■ **Problem description**
Would you copy exactly the lines in the data below from the one that has "Poetesa, bard in" through the one that has "Nissan Altima Vehicle", dropping any pictures?

■ **The input**
##############################
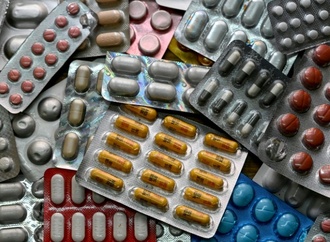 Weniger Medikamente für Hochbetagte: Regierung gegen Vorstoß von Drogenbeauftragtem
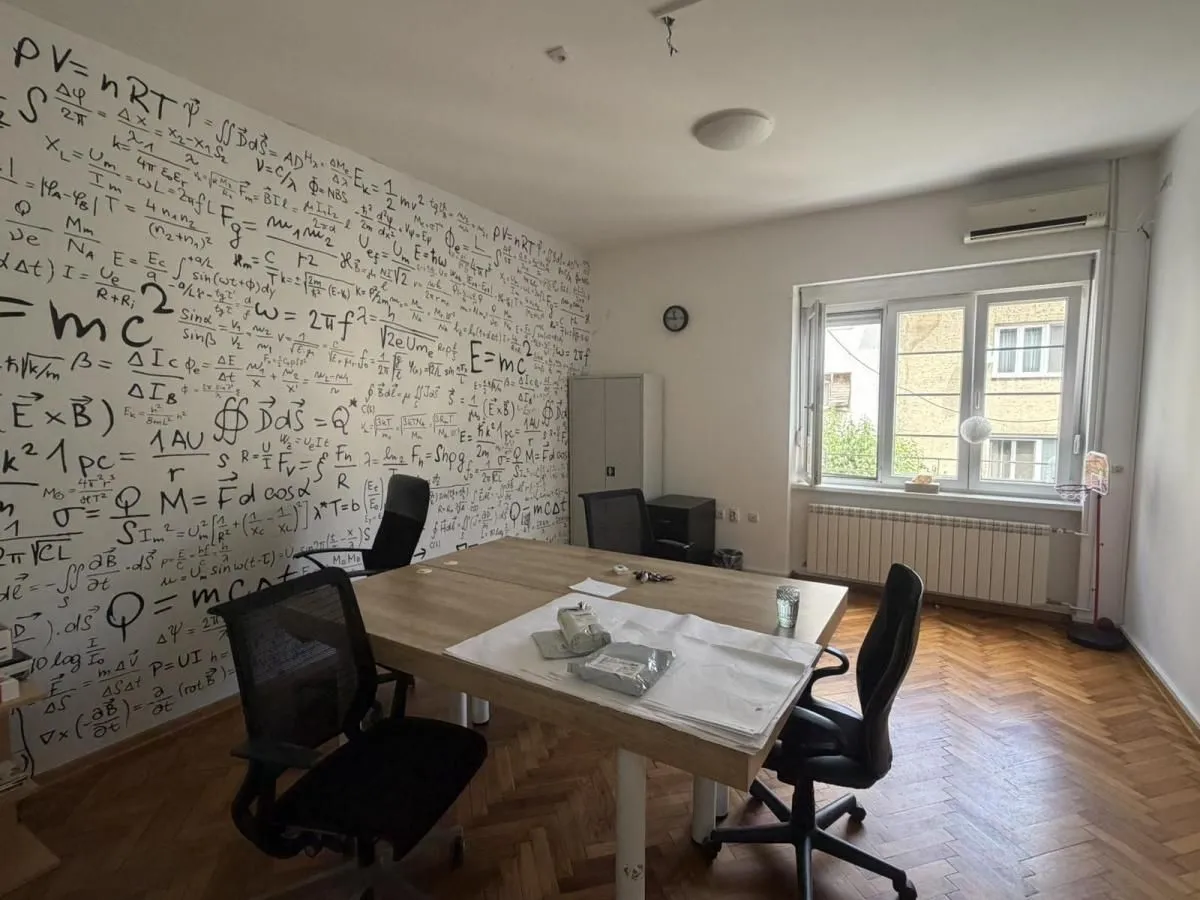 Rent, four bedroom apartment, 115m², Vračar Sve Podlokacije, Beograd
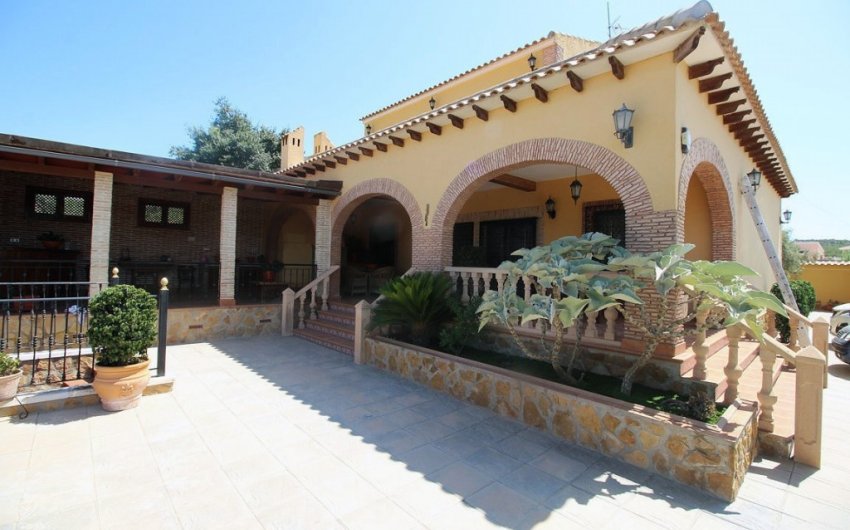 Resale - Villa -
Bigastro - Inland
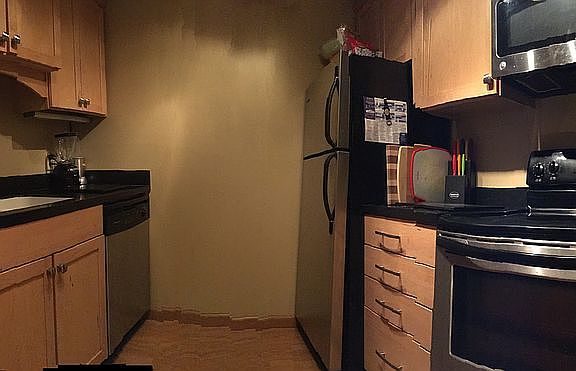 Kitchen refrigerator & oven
##############################
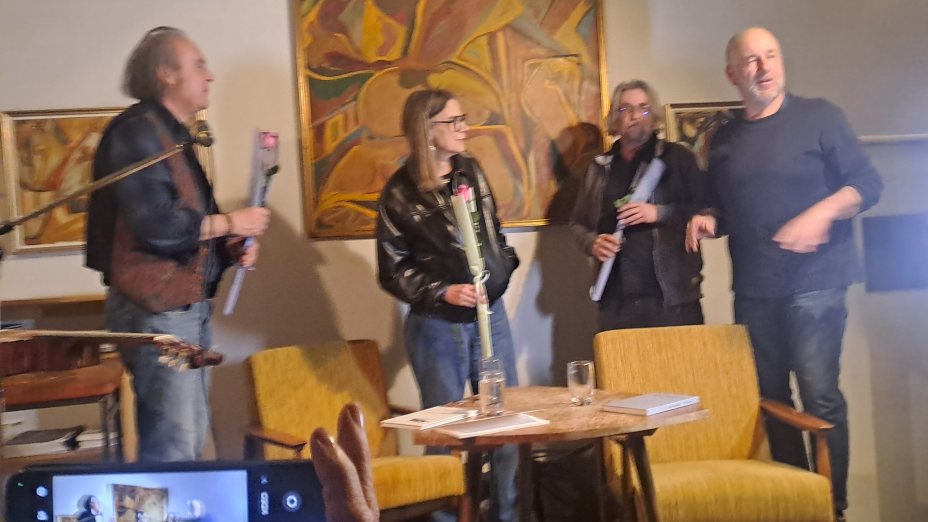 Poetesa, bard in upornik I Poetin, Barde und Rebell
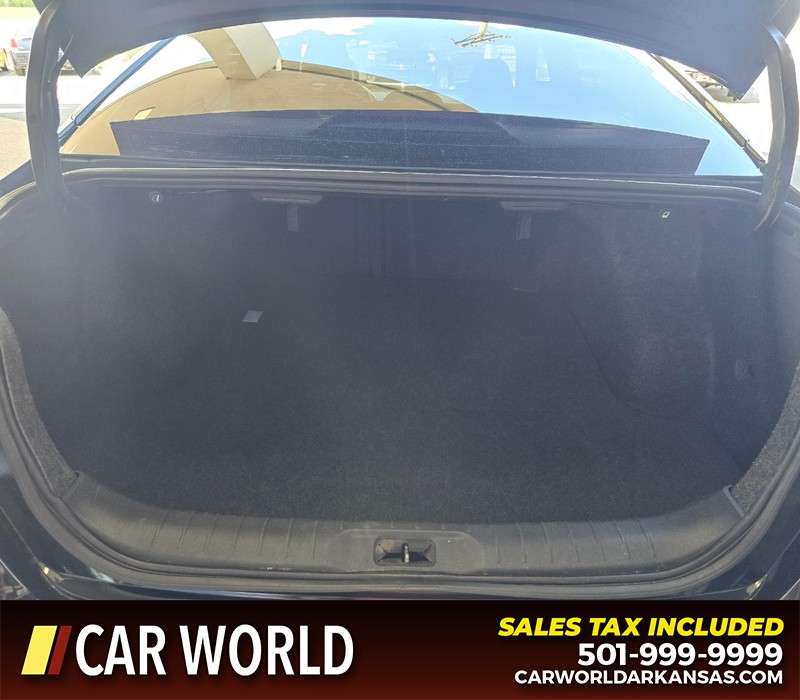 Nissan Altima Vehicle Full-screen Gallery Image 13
##############################
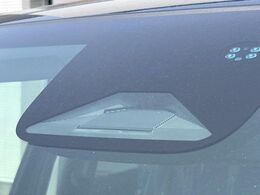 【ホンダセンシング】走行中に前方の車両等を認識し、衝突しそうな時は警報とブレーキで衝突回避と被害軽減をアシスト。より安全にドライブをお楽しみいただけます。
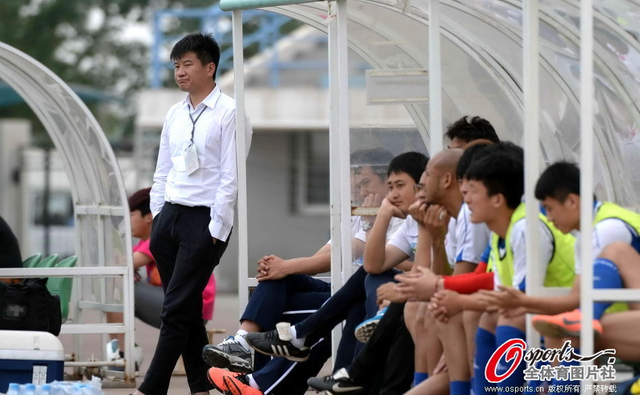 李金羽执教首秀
##############################
■ **Your response**
 Poetesa, bard in upornik I Poetin, Barde und Rebell
 Nissan Altima Vehicle Full-screen Gallery Image 13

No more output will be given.